◆ Supplied information:
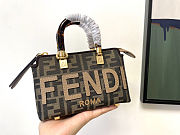 Fendi Mini FF Jacquard By The Way Shoulder Bag - Brown Size 17.5x18x8cm - 6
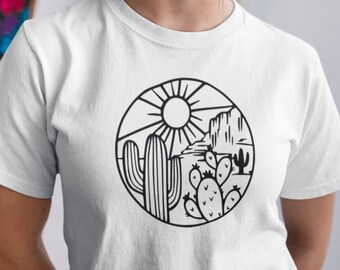 Wüsten-Shirt | Kaktus Pflanzen | Kaktus-Shirt | Abenteuer T-Shirt | Arizona T-Shirt | Kaktus Motiv Shirt | Frauen Shirt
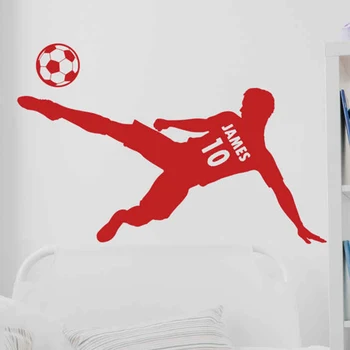 Jalgpalli mängija, seina kleebised isikustatud nimed mängida toas seina kids room decor magamistuba decor vinüül seina kleebised kingitus lastele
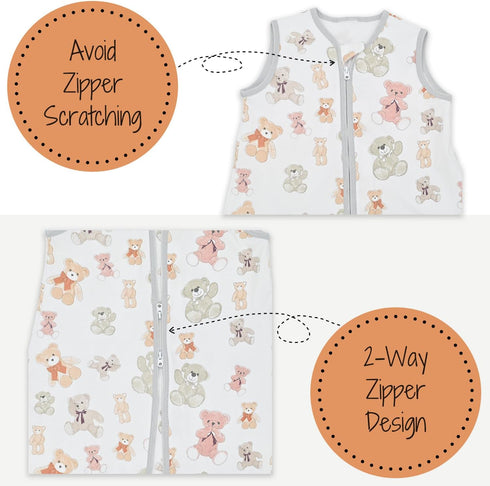 Sleep Sack, 100% Organic Cotton Baby Sleep Sack, 0.5 TOG Sleep Sack Lightweight, 2-Way Zipper Toddler Sleep Sack Soft, 6-12 Months Infant Sleep Sa...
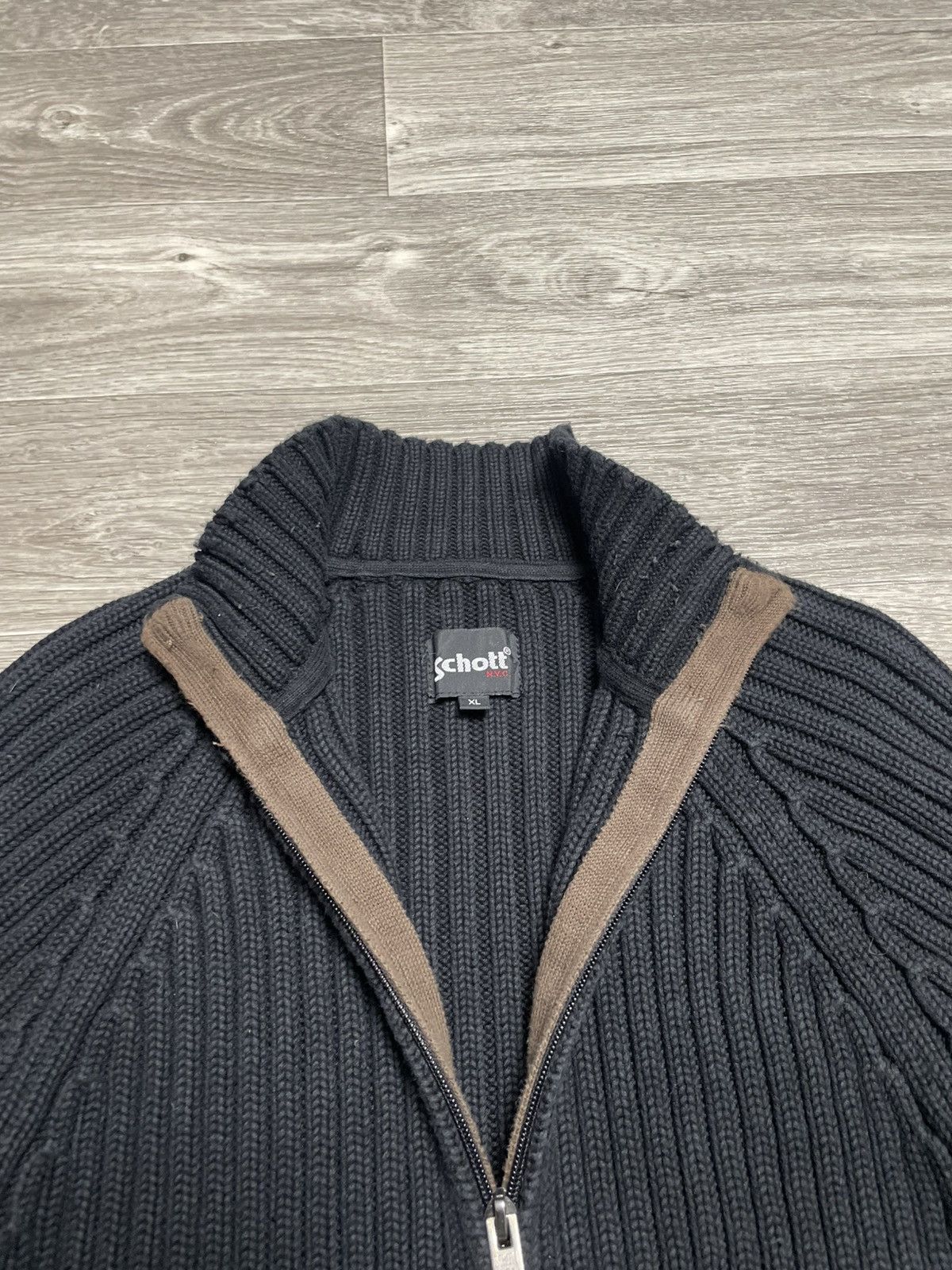 Schott Vintage Schott NYC Black Ribbed Knit Full Zip Sweater USA Size US XL / EU 56 / 4 - 11 Thumbnail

◆ What is expected: Without the pictures, transcribe the lines from the one containing "Sleep Sack, 100%" through the end of the data, exactly and only those.

◆ Completed exercise:
 Sleep Sack, 100% Organic Cotton Baby Sleep Sack, 0.5 TOG Sleep Sack Lightweight, 2-Way Zipper Toddler Sleep Sack Soft, 6-12 Months Infant Sleep Sa...
 Schott Vintage Schott NYC Black Ribbed Knit Full Zip Sweater USA Size US XL / EU 56 / 4 - 11 Thumbnail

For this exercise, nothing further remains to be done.